That bloody night at the Galwan Valley
In the month of June this year, there was a bloody clash between the Indian and Chinese soldiers at the Galwan Valley amidst the tense standoff between the two countries along the Line of Actual Control at eastern Ladakh.
20 Indian soldiers were martyred in the incident, while several Chinese soldiers were either killed or went missing.
The Chinese plotted the clash and began attacking the Indian soldiers with sticks and rods. As part of the protocol between the two sides, the forward troops patrolling the disputed border do not carry guns.
The Chinese soldiers were supposed to have withdrawn from the location under the de-escalation plan as per the discussions between the two military commanders on June 6.
However, the Indian troops found the Chinese forces in violation of the understanding.
Their observation posts and tents were still around, an official privy to the information tells OneIndia.

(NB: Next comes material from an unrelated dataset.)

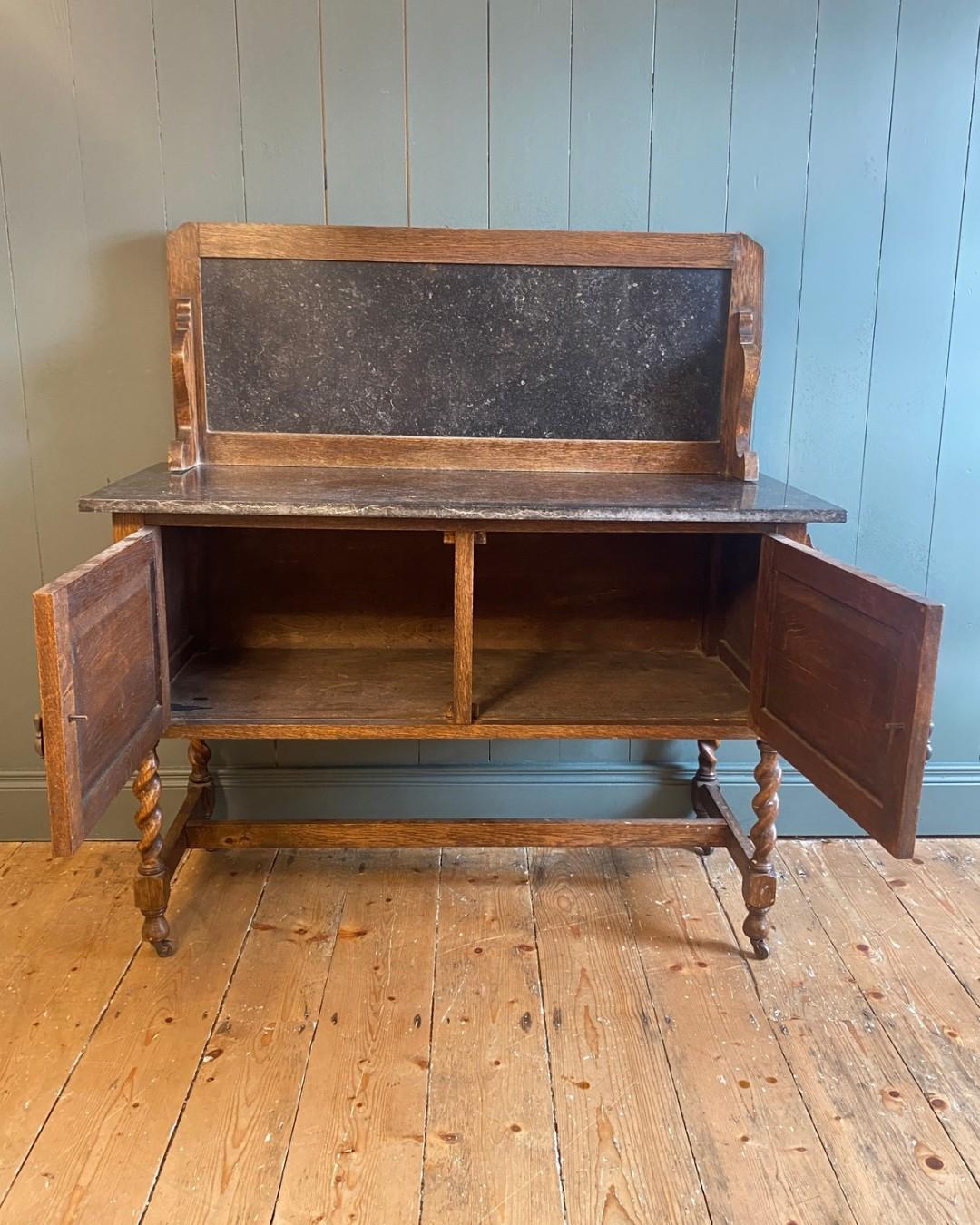 Early 1900s Oak Barley twist Washstand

This is when Colonel Santosh Babu questioned the Chinese soldiers about the same, following which the clash broke out. The situation escalated and the Chinese soldiers refused to vacate and stood their ground. The Indian soldiers then removed the tents and observation posts and in a matter of minutes a violent clash broke out.
The clash which lasted 7 hours spread out quickly and the soldiers threw stones and even exchanged blows. The Chinese attacked with iron rods and nail-studded clubs. Some of the soldiers fell into the river and their bodies were retrieved the next day.
The Chinese soldiers were higher in number. There were 250 of them, while the number of Indian soldiers was lesser. Despite this the Indian soldiers insisted that the Chinese get back and the tents and observation posts be removed.
The official cited above said that going by the sequence of events, it is clear that the Chinese had pre-planned this and were all ready for a violent face-off. It was pitch dark when the fight took place and this resulted in the martyrdom of 20 Indian soldiers.
While many have questioned why the soldiers were unarmed, the rules of disengagement mandate the same. Moreover, Forward Troops patrolling the disputed border do not carry guns. Even if they do, they are slung behind their backs and the magazines are in the pouches and not clipped on.